» **Supplied entries**:
==============================

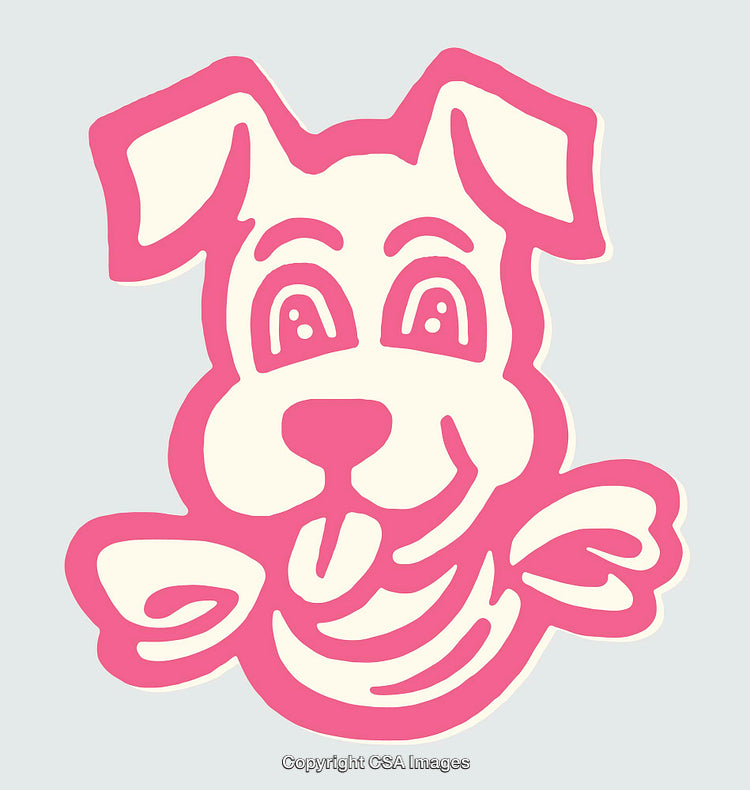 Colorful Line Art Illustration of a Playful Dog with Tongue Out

==============================

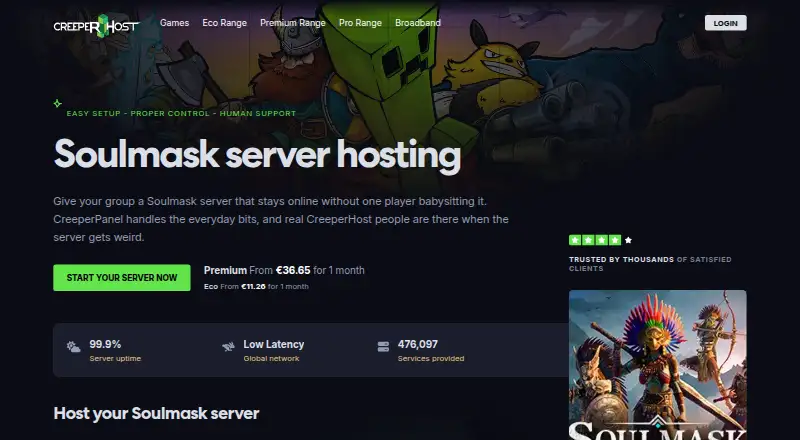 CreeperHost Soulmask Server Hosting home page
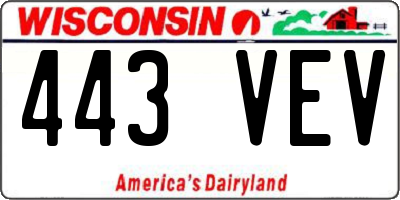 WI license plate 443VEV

==============================

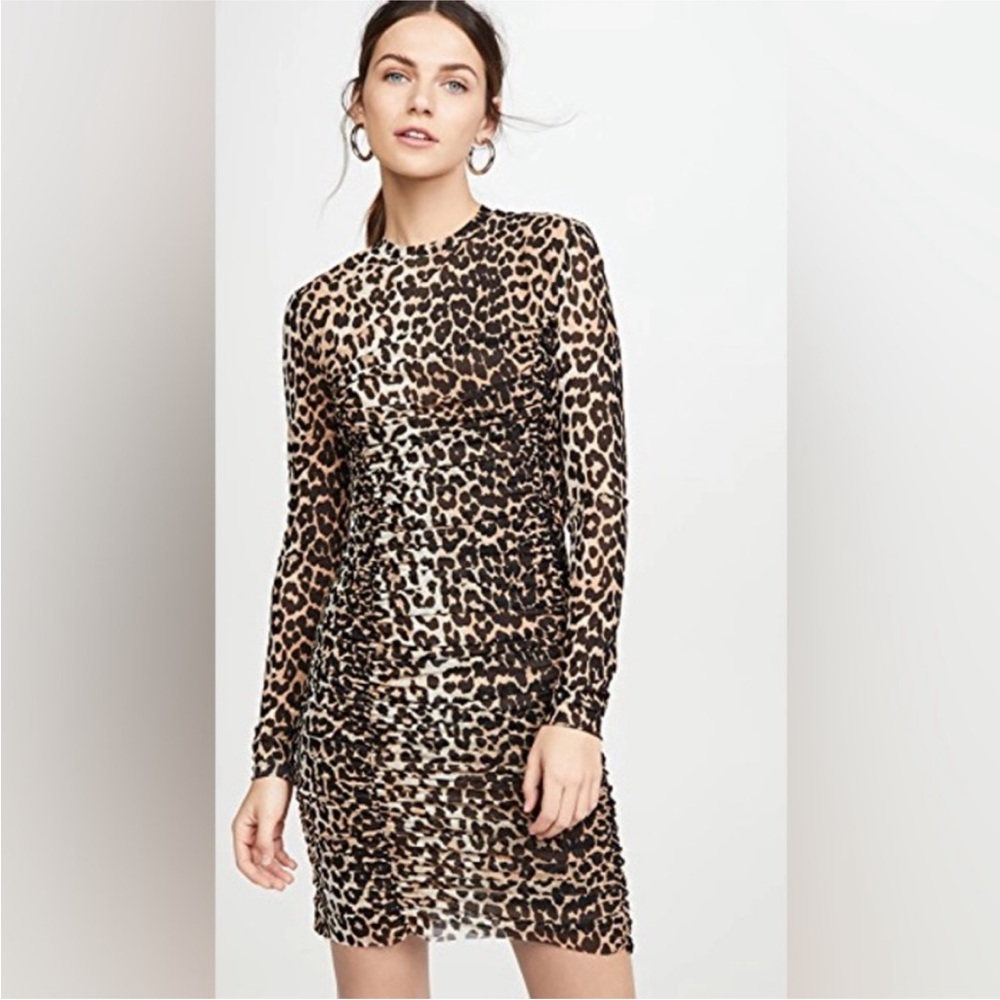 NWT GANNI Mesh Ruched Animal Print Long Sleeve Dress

==============================

» **Exercise brief**:
In the listing above, find the line containing "CreeperHost Soulmask Server" and the line containing "WI license plate 443VEV", then return both of them and every line between, exactly, without pictures.

» **Solution**:
 CreeperHost Soulmask Server Hosting home page
 WI license plate 443VEV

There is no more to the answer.